The Toronto-based biotech tested three doses of the drug—150 mg, 200 mg and 250 mg—against placebo in 385 patients with osteoarthritis of the knee. After two weeks of treatment, the two higher doses beat placebo at curbing pain, meeting the study’s primary endpoint.
The lowest dose arm wasn’t designed to measure a statistically significant difference from placebo, only to see whether it had any effect at all, but it did better than expected. The company is planning a phase 2/3 study that will look for the drug’s lowest effective dose and to serve as a registrational trial for FDA approval.
“The success of this study is a worthy complement to the GI safety results already in hand. With the extensive learning that these Phase 2 studies have provided, we have a clear path forward including an opportunity to lower the dose further,” Antibe CEO Dan Legault said in a statement. “Through an adaptive registration trial we can maintain our clinical and commercial timelines, and focus on large market partnering.”
Antibe is developing the drug, ATB-346, as an alternative to NSAIDs like ibuprofen and naproxen, which are commonly used to treat osteoarthritis but are also linked to side effects such as ulceration and bleeding in the gut. ATB-346 is a derivative of naproxen that releases hydrogen sulfide, which—the hope is—boosts mucosal defense in the gastrointestinal tract to ward off those side effects.
Although the phase 2 trial involved patients with osteoarthritis, ATB-346 could be useful for other conditions treated with NSAIDs including rheumatoid arthritis, gout and ankylosing spondylitis.
The study reported side effects that typically accompany NSAID use, such as indigestion, acid reflux and dizziness, across all three treatment groups as well as in the placebo group.
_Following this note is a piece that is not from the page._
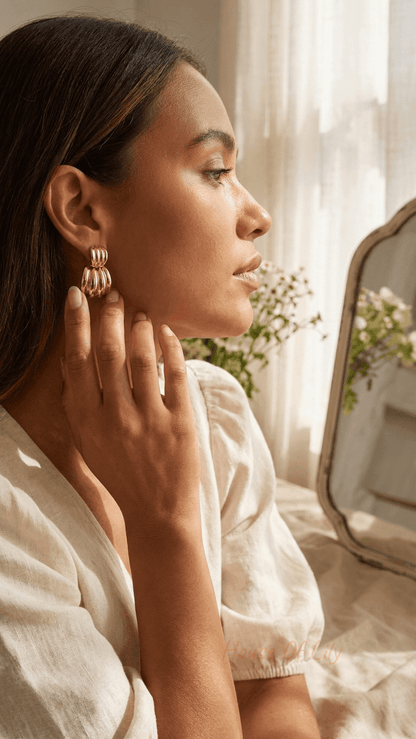 Chunky Vibe Hoops: small, ribbed gold-plated huggie earrings worn by a woman in a sunlit bedroom setting.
Of the 318 patients who received ATB-346, only one had elevated liver enzyme levels that were “clinically significant” during treatment. Ten days after treatment, around 10% of patients in each treatment group had elevated liver enzymes, but Antibe chalked that up to the concurrent use of acetaminophen.
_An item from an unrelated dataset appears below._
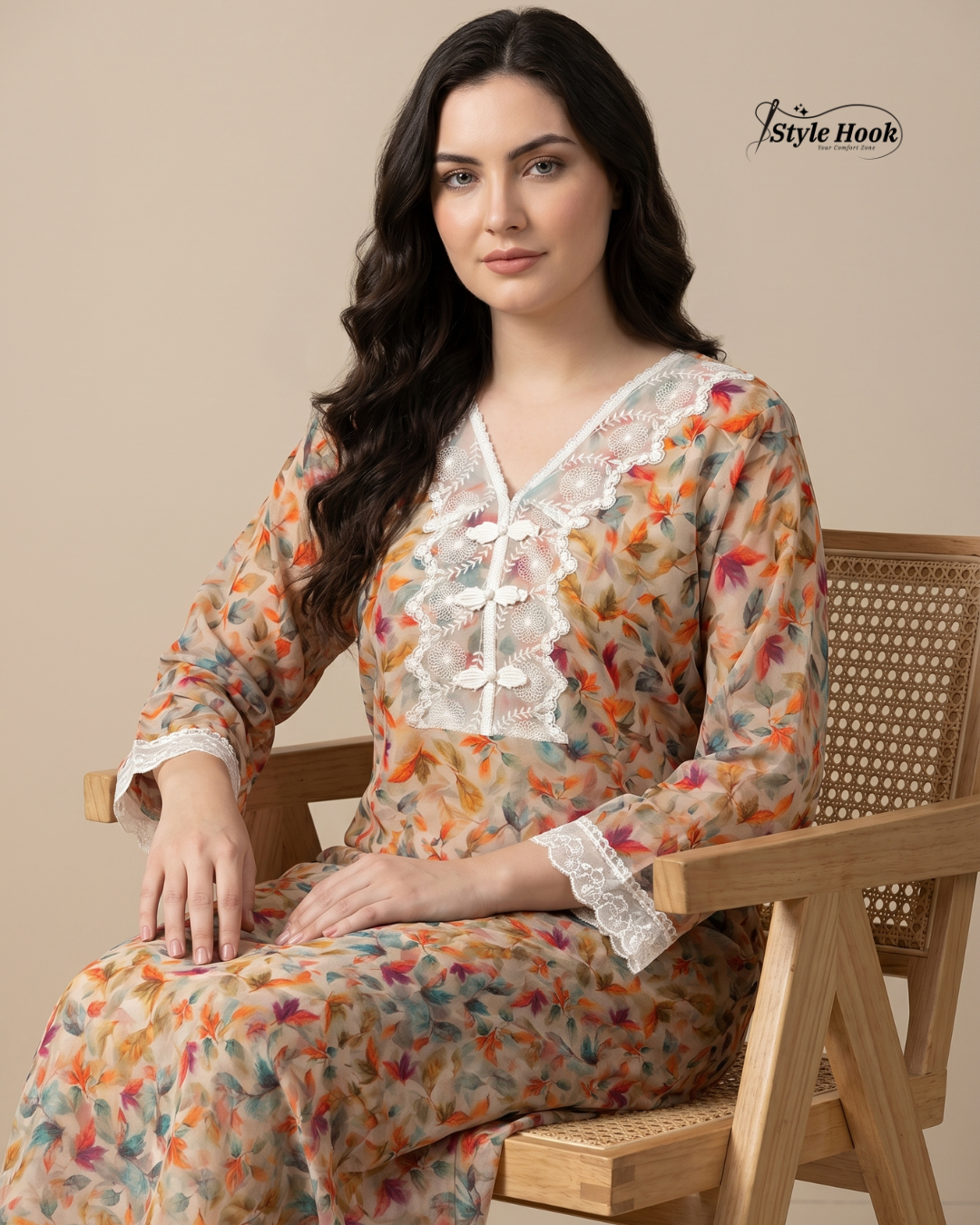 Woman wearing a floral dress sitting on a wooden chair with 'Style Hook' branding.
“It is standard for pain trials to allow the use of other medications, commonly acetaminophen,” the company said in the statement. “Acetaminophen use, especially in the post-treatment assessment period, pre-existing liver conditions and concomitant statin use were associated with a majority of the LTE [liver transaminase elevation] incidents.”
“The LTEs will need to be considered moving forward, but are manageable from a clinical perspective. Given the robust upper portion of the dose-response curve, we anticipate lower doses will be effective and further optimize the safety profile of ATB-346,” said Antibe’s chief medical officer, Joe Stauffer, in the statement.